> **PROMPT**: Print the entries in full, word for word, but not the pictures.

Web page caption snippets:
-------------------------

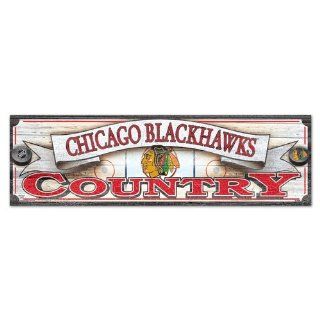 Chicago Blackhawks 9x30 Wood Sign  Sports Fan Street Signs  Sports & Outdoors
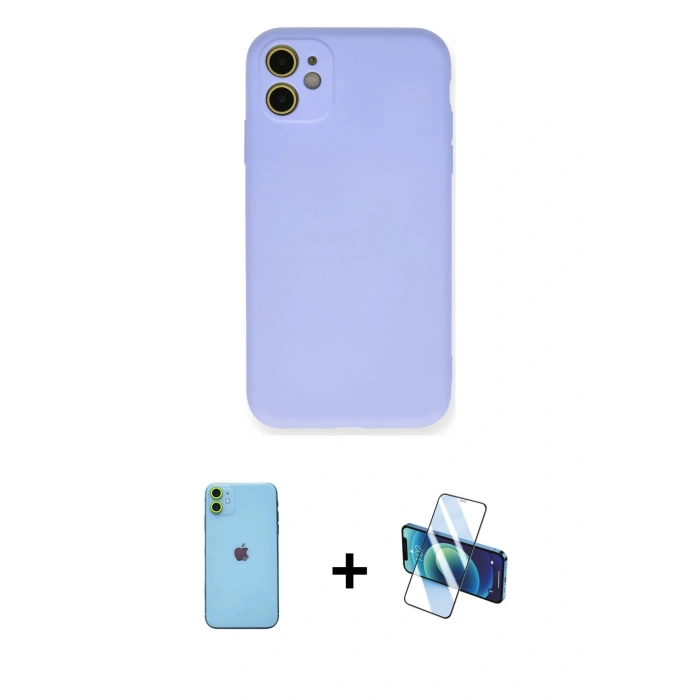 MARSİLYAN™- iPhone 11 Kılıf Ahenk Serisi - Siyah 3D Antistatik Seramik Nano Ekran Koruyucu + Neon Fosforlu Kamera Lens - YL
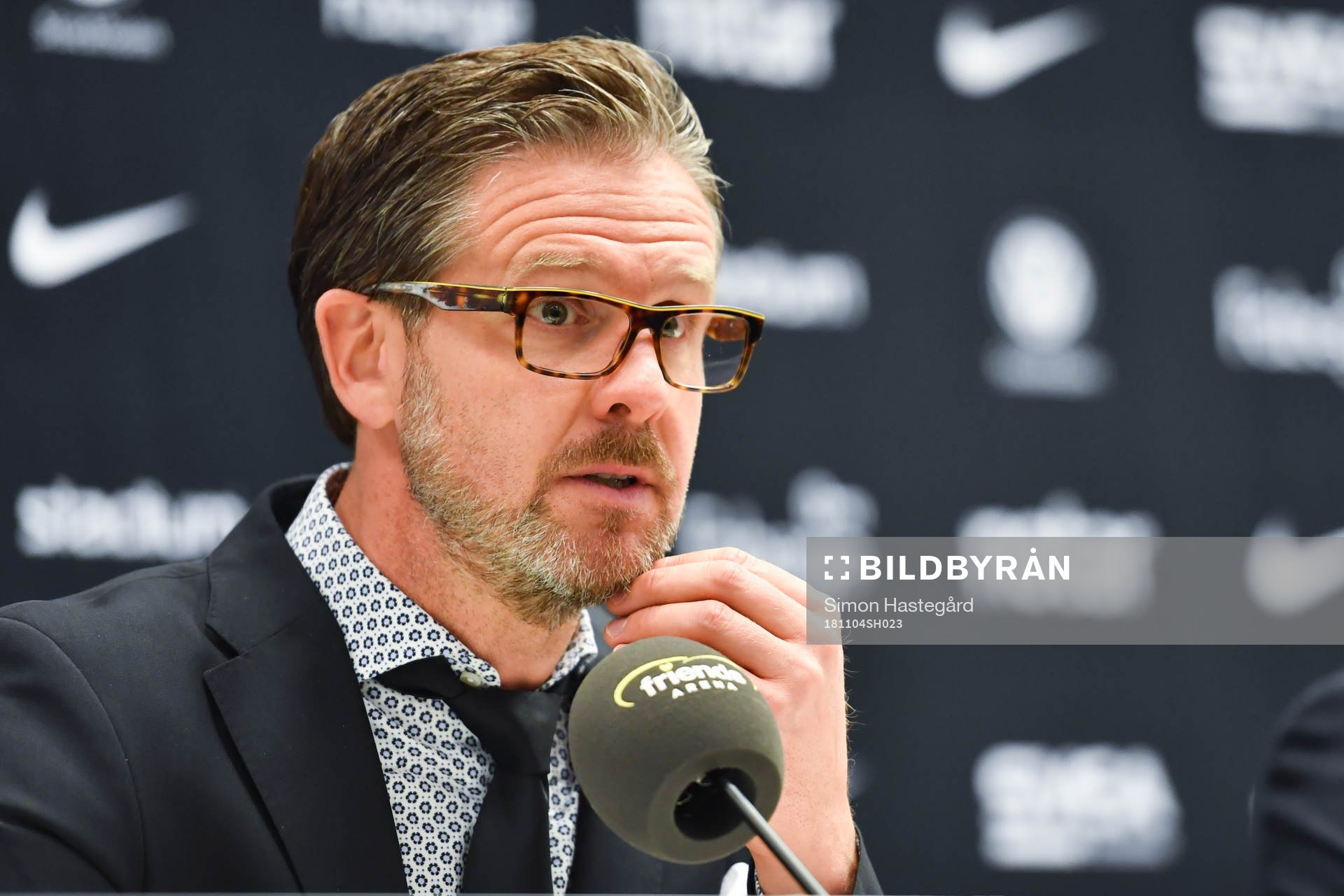 AIK:s tränare Rikard Norling på presskonferensen efter fotbollsmatchen i Allsvenskan mellan AIK och GIF Sundsvall en 4 november 2018 i Stockholm.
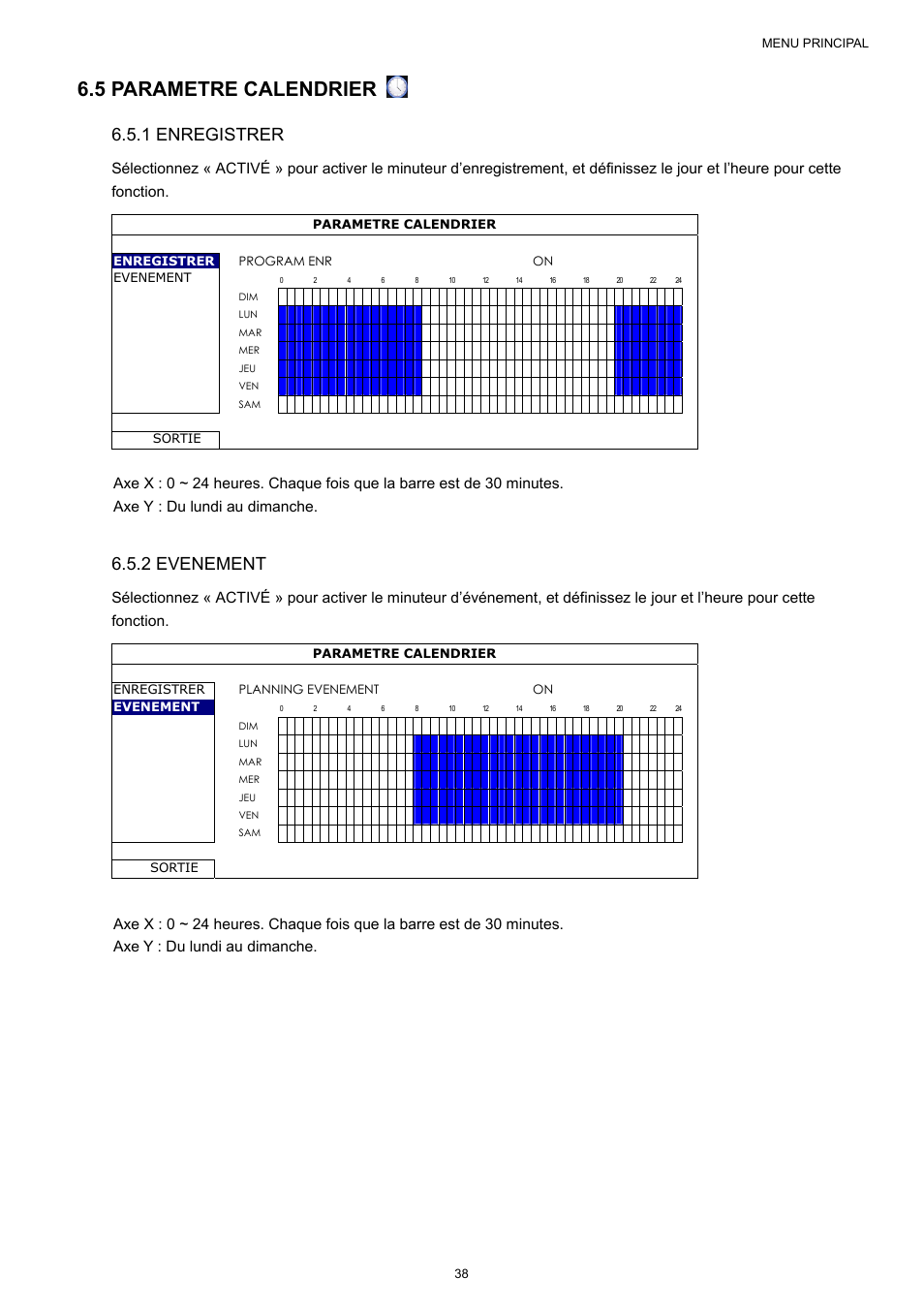 5 parametre calendrier, 1 enregistrer, 2 evenement | Velleman NVR2 User Manual | Page 200 / 314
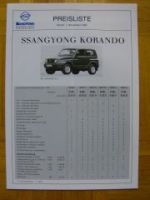 SsangYong Korando Preisliste 11/1997 NEU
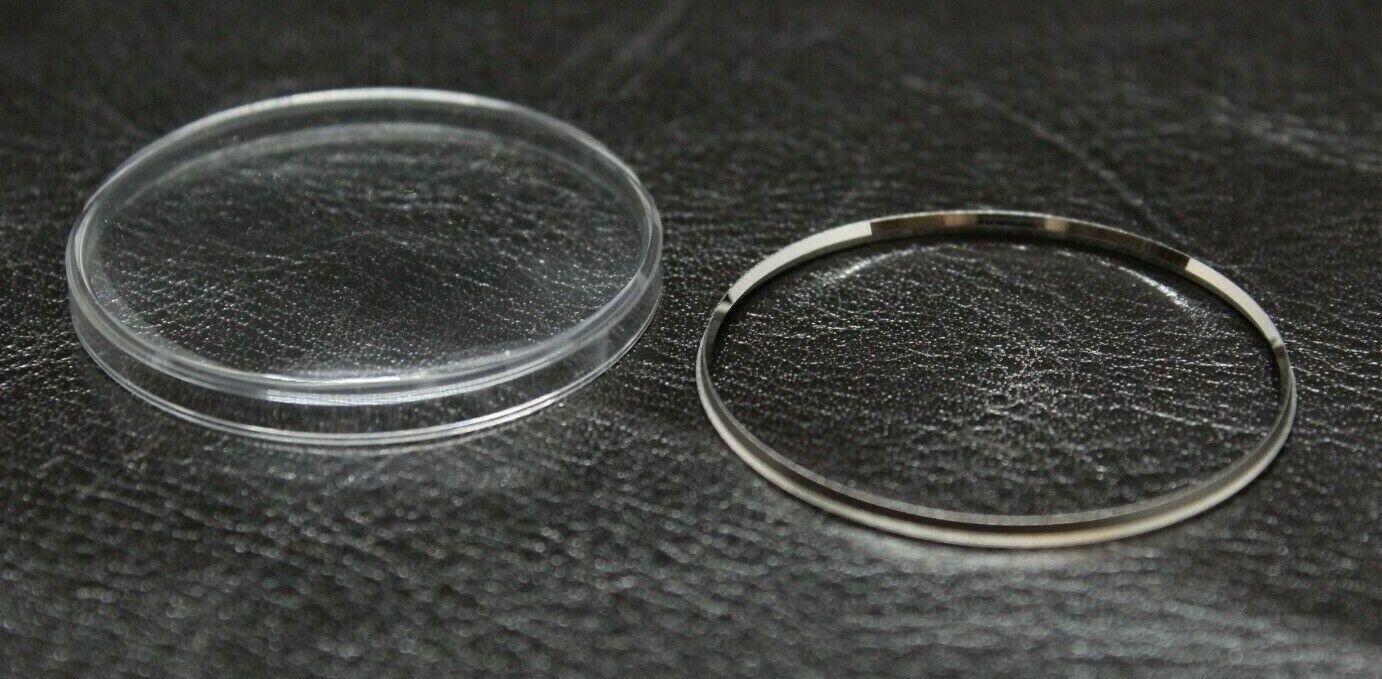 Plexi Glass Crystal with Tension Ring for Seiko Panda  6138-8020 6138-8021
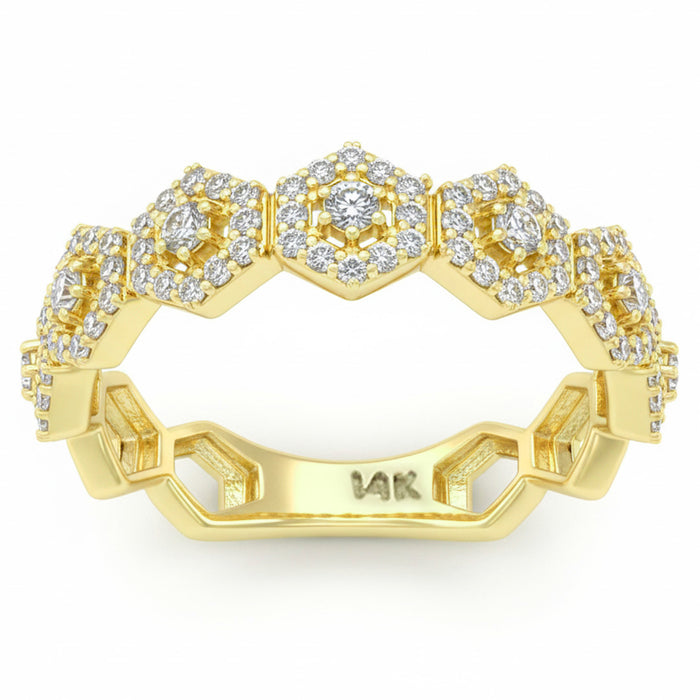 SPECIAL! .56ct G SI 14kt Yellow Gold Geometric Shape Diamond Band Ring Size 6.5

-------------------------

> **FINISHED EXERCISE**:
 Chicago Blackhawks 9x30 Wood Sign  Sports Fan Street Signs  Sports & Outdoors
 MARSİLYAN™- iPhone 11 Kılıf Ahenk Serisi - Siyah 3D Antistatik Seramik Nano Ekran Koruyucu + Neon Fosforlu Kamera Lens - YL
 AIK:s tränare Rikard Norling på presskonferensen efter fotbollsmatchen i Allsvenskan mellan AIK och GIF Sundsvall en 4 november 2018 i Stockholm.
 5 parametre calendrier, 1 enregistrer, 2 evenement | Velleman NVR2 User Manual | Page 200 / 314
 SsangYong Korando Preisliste 11/1997 NEU
 Plexi Glass Crystal with Tension Ring for Seiko Panda  6138-8020 6138-8021
 SPECIAL! .56ct G SI 14kt Yellow Gold Geometric Shape Diamond Band Ring Size 6.5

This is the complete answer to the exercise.